# What to produce:
Up to and including the line holding "Foto 7 de Apartamento", write out the data exactly from its first line, but not the pictures.

(Short descriptive text snippets)
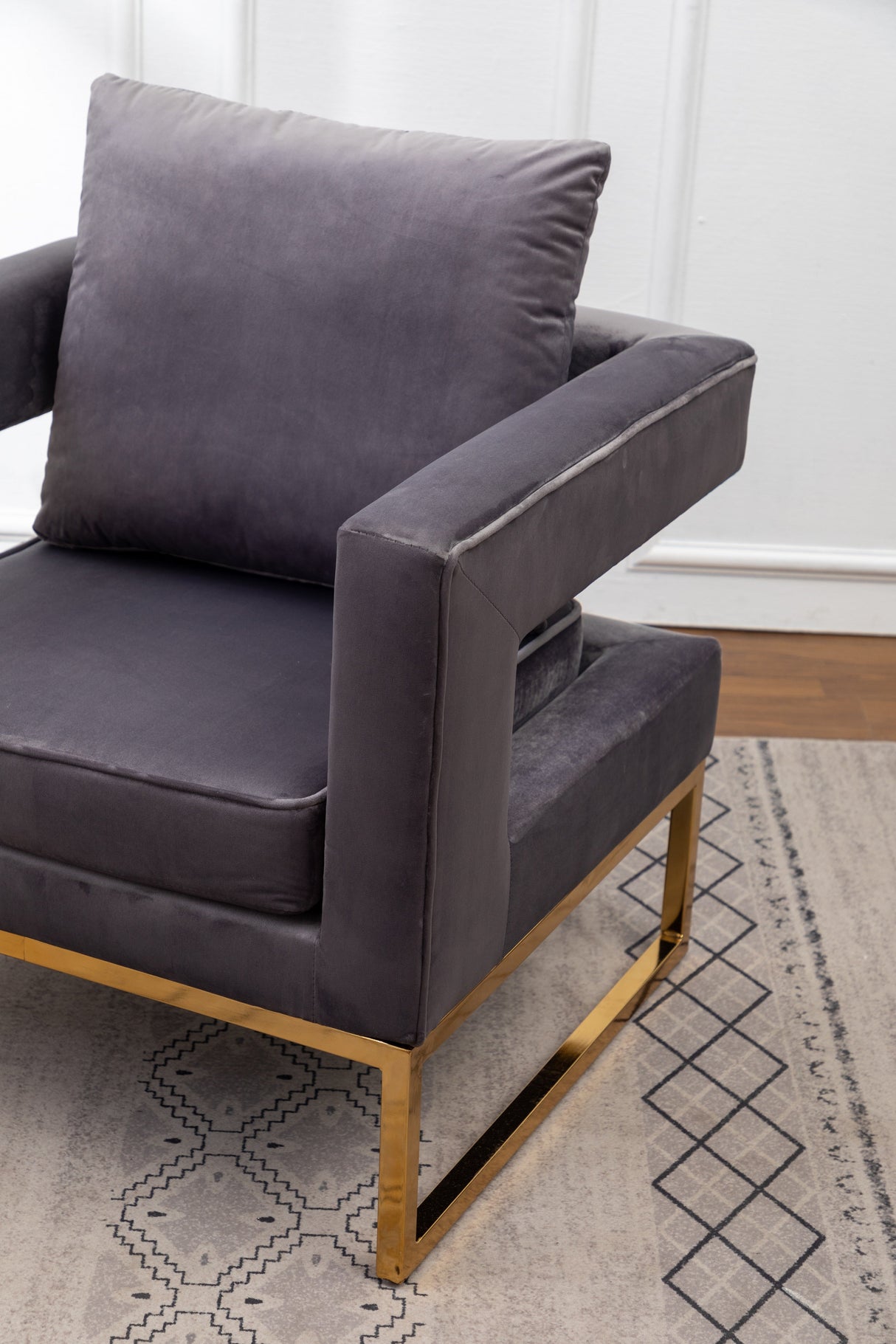 Lenola Contemporary Upholstered Accent Arm Chair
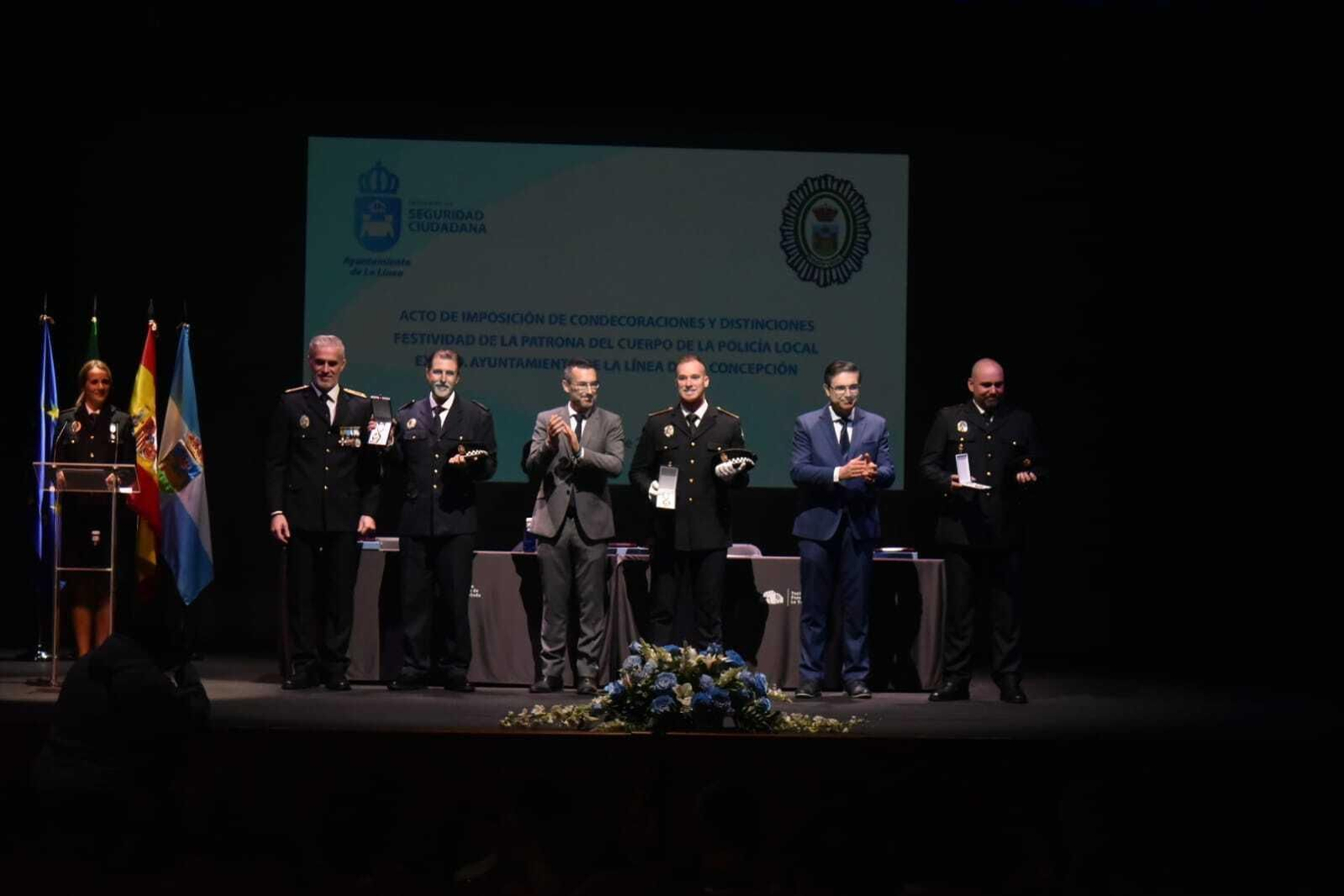 La entrega de uno de los reconocimientos.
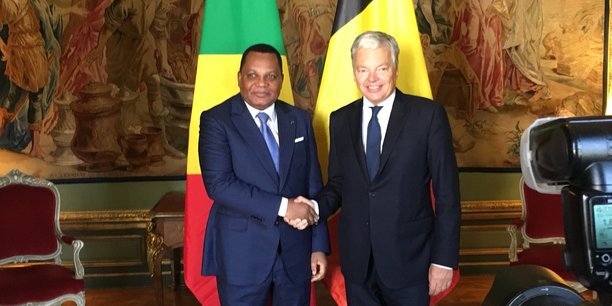 Poignée de main entre le vice-premier ministre belge, Didier Reynders et Jean-Claude Gakosso ministre congolais des affaires étrangères, de la coopération et des Congolais de l'étranger. Bruxelles.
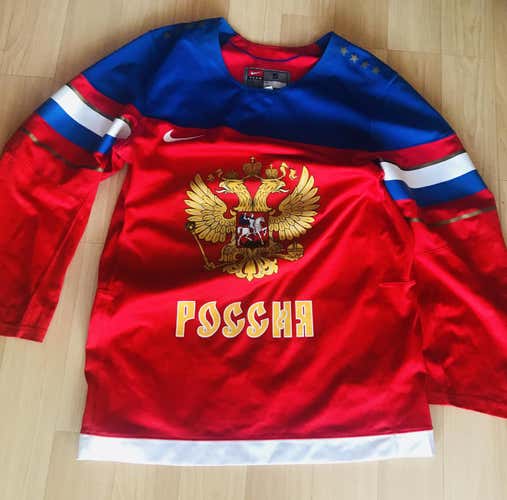 Red Used Adult Unisex Small Nike Jersey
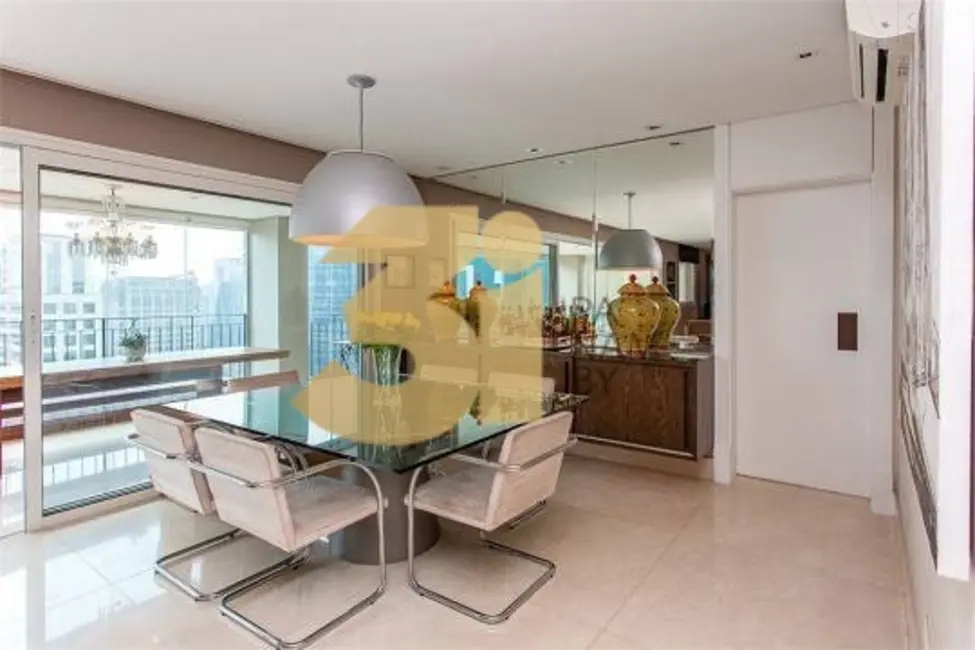 Foto 7 de Apartamento com 3 quartos à venda, 223m2 em Itaim Bibi, São Paulo - SP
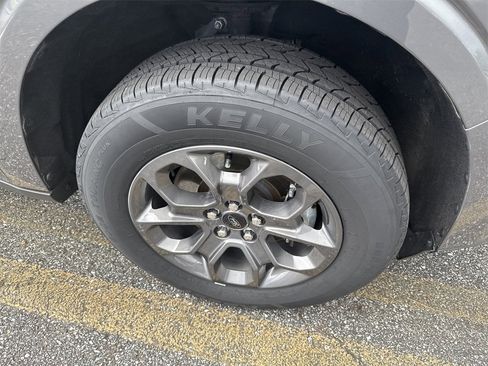 Used 2023 Ford Maverick XLT w/ Equipment Group 300A Standard image 12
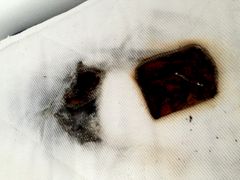 Slik så madrassen ut etter at mobilen begynte å brenne i senga. Skadefoto: Frende Forsikring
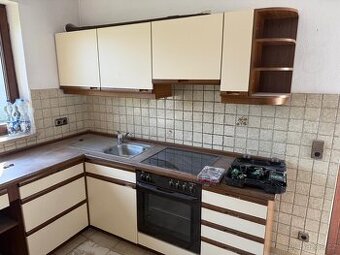 Kuchyňská linka se spotřebiči, použitá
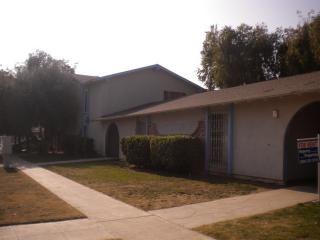 1223 Sylmar Ave, Fresno, CA 93727-2255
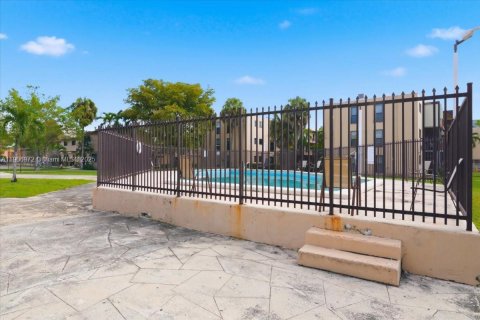 Copropriété à vendre à Sweetwater, Floride: 2 chambres, 66.89 m2 № 1964535 - photo 27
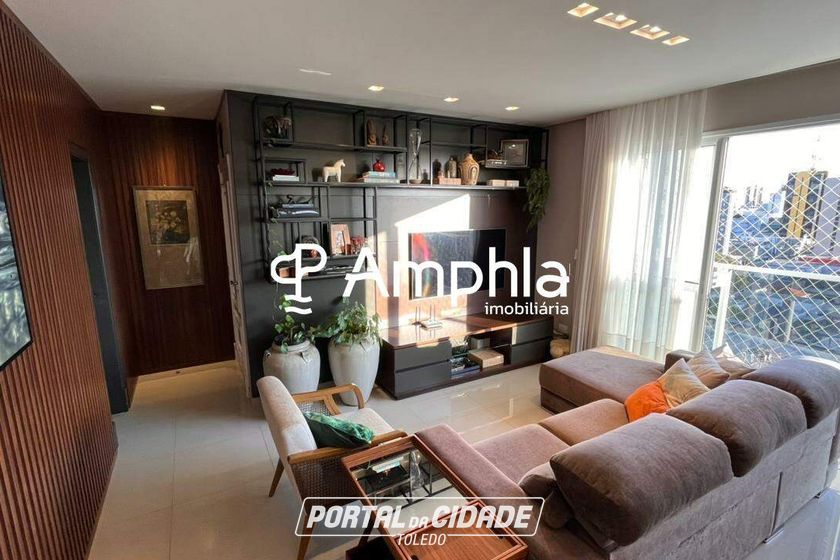 Apartamento &agrave; venda - 136m&sup2; - Centro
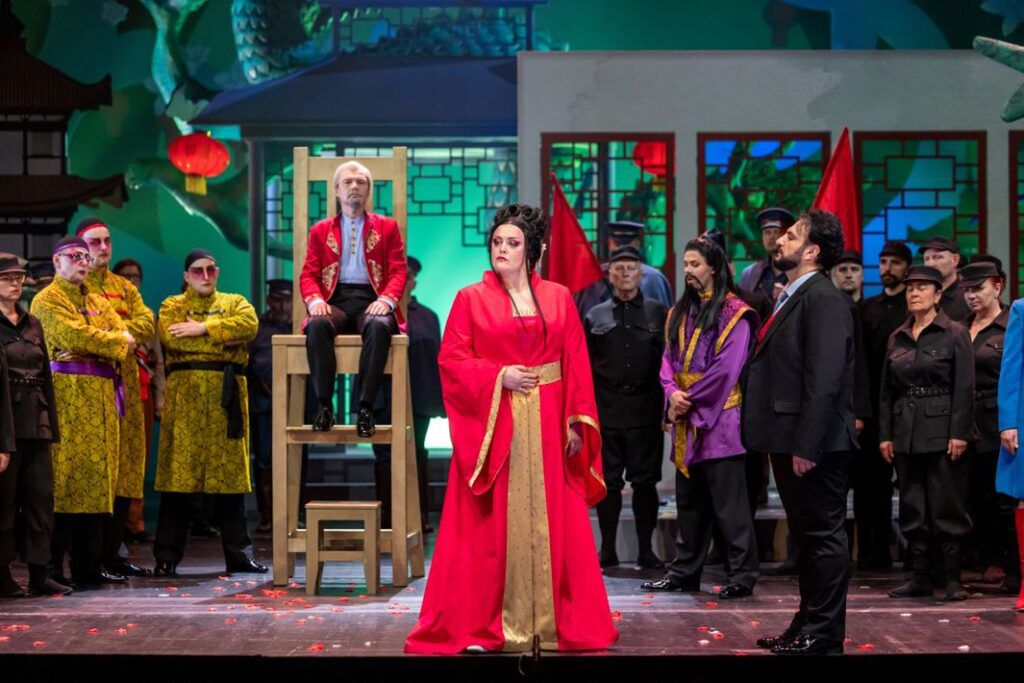 Piotr Friebe (Altoum), Iwona Sobotka (Turandot) i Hovhannes Ayvazyan (Kalaf) © Bartek Barczyk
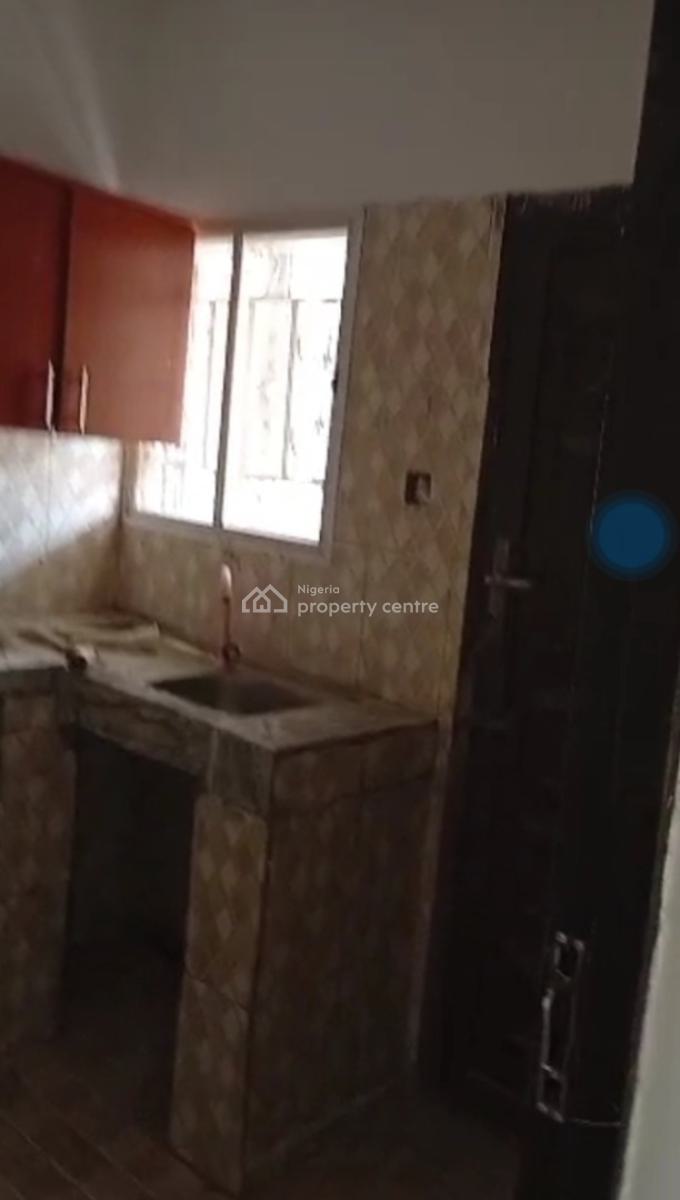 Sharp 2 Bedrooms Flat Upstairs, Arab Road, Kubwa, Abuja, Flat / Apartment for Rent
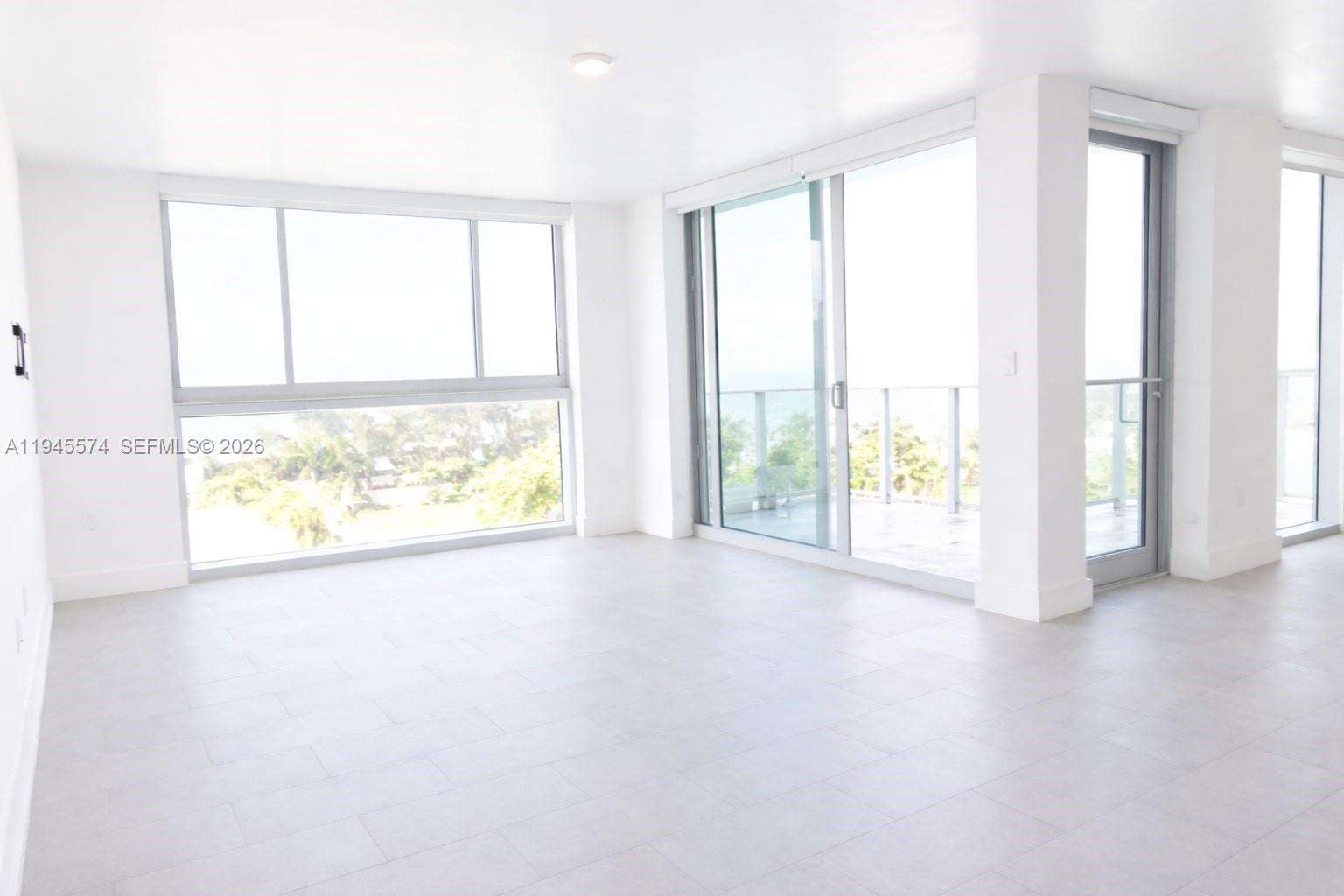 Bay Harbor Club | Unit #804 Unit #804 | Picture 4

# Problem solution:
 Lenola Contemporary Upholstered Accent Arm Chair
 La entrega de uno de los reconocimientos.
 Poignée de main entre le vice-premier ministre belge, Didier Reynders et Jean-Claude Gakosso ministre congolais des affaires étrangères, de la coopération et des Congolais de l'étranger. Bruxelles.
 Red Used Adult Unisex Small Nike Jersey
 Foto 7 de Apartamento com 3 quartos à venda, 223m2 em Itaim Bibi, São Paulo - SP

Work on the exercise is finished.